Douze avions militaires de transport russes Il-76 et AN-124 ont atterri, vendredi 7 janvier, sur l’aéroport d’Almaty, la capitale économique du Kazakhstan au cœur des émeutes qui ébranlent depuis plusieurs jours le pays. Sous le commandement du général Andreï Serdioukov, qui a dirigé des opérations aéroportées en Syrie, ce contingent de près de 3 000 soldats est chargé de « protéger les installations vitales, les aérodromes et les infrastructures sociales-clés ». Ils « ne participent pas aux opérations opérationnelles et de combat menées par les forces de l’ordre locales et les unités de l’armée [kazakhe] pour rétablir l’ordre public », a tenu à préciser le ministère russe de la défense.
La célérité avec laquelle le président kazakh, Kassym-Jomart Tokaïev, a fait appel à Moscou, quelques heures à peine après que les manifestations, provoquées par la hausse du prix des carburants le 1er janvier, ont commencé à dégénérer, a surpris. La saisine officielle de l’Organisation du traité de sécurité collective (OTSC), une alliance militaire qui unit depuis 2002, outre la Russie et le Kazakhstan, l’Arménie, la Biélorussie, le Kirghizistan et le Tadjikistan, a servi de paravent. Le déploiement massif de troupes russes est en effet sans commune mesure avec les quelques dizaines de militaires dépêchés par les autres Etats. Et l’intervention de l’OTSC constitue bel et bien une première s’agissant, qui plus est, des affaires intérieures de l’un de ses membres.

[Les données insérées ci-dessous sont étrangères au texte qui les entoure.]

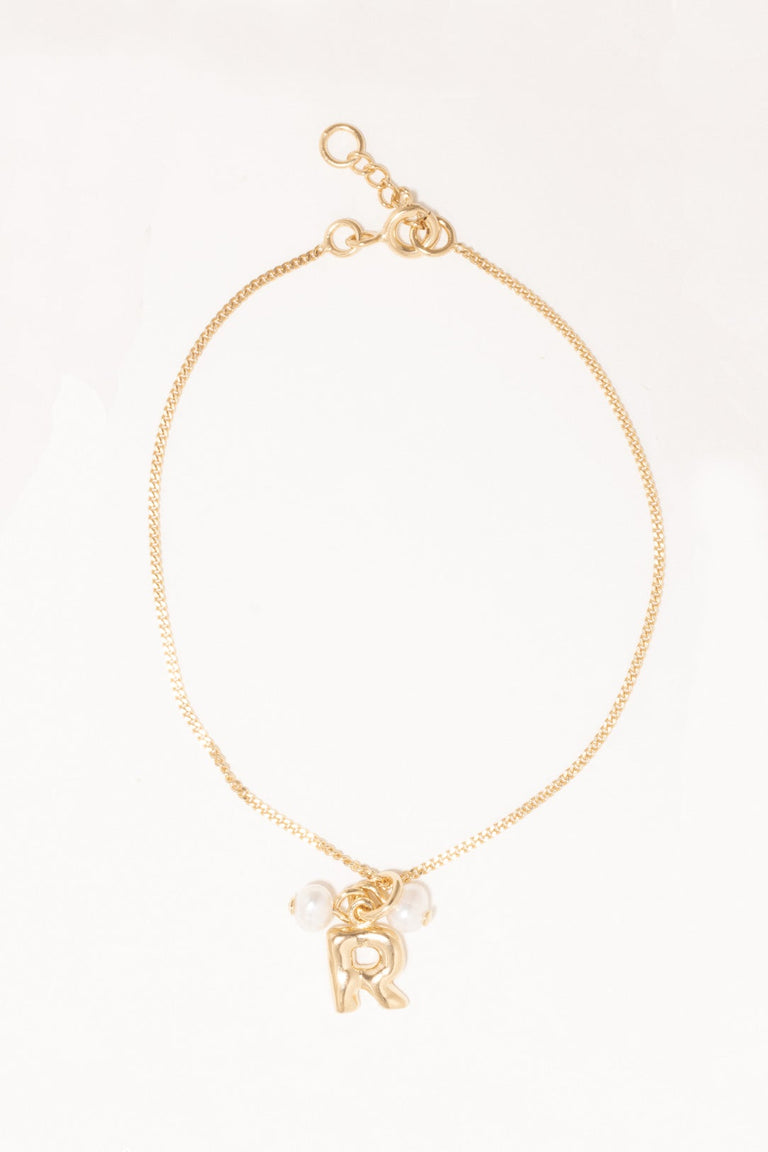 Classicworks™ R - Pearl and Recycled Gold Vermeil Bracelet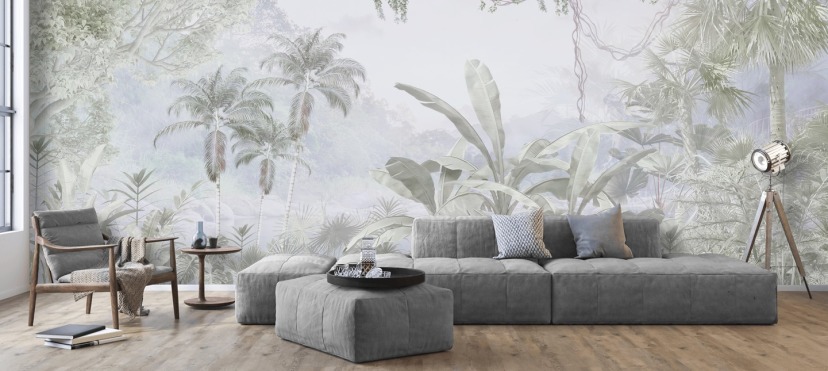 Living Room Wallpaper Murals | Wallsauce US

Pour légitimer sa demande, M. Tokaïev a imputé les troubles, dès mercredi 5 janvier, à des « groupes terroristes internationaux », après avoir cité quelques instants auparavant le chiffre de « 20 000 criminels armés » dans la seule ville d’Almaty, ce qui semble beaucoup pour une opération « terroriste ». Au risque d’apparaître comme celui qui a permis le retour des soldats russes sur le territoire kazakh, trente ans après l’indépendance de cette ex-République soviétique, le chef de l’Etat a-t-il surtout douté de la loyauté de son appareil de sécurité ? Malgré la coupure de l’Internet intervenue alors que le mouvement s’étendait à plusieurs régions, en revendiquant de plus en plus fort un changement de régime, des vidéos sont apparues montrant parfois des scènes de fraternisation entre les forces de sécurité et des manifestants. Parmi ces derniers, plus de 3 800 auraient déjà été arrêtés.
Un partenaire soucieux de sa souveraineté
Au pouvoir depuis 2019, Kassym-Jomart Tokaïev, 68 ans, n’a rien d’un conciliateur, comme l’ont prouvé ses déclarations martiales donnant encore pour consigne aux policiers et militaires, vendredi, « de tirer pour tuer », et de poursuivre les opérations « jusqu’à la destruction totale [des manifestants] ». Austère – il a confié un jour qu’il ne célébrait ni ses anniversaires, ni ceux de ses enfants –, peu porté à laisser ses émotions affleurer sur son visage, le dirigeant du plus vaste pays d’Asie centrale apparaît avant tout comme l’héritier d’un système politique verrouillé depuis plus de trente ans par Noursoultan Narzabaïev. Agé aujourd’hui de 81 ans, affaibli par la maladie, ce dernier a régné sans partage depuis 1990 en se faisant réélire à cinq reprises à la tête de l’Etat, quitte à modifier pour cela la Constitution.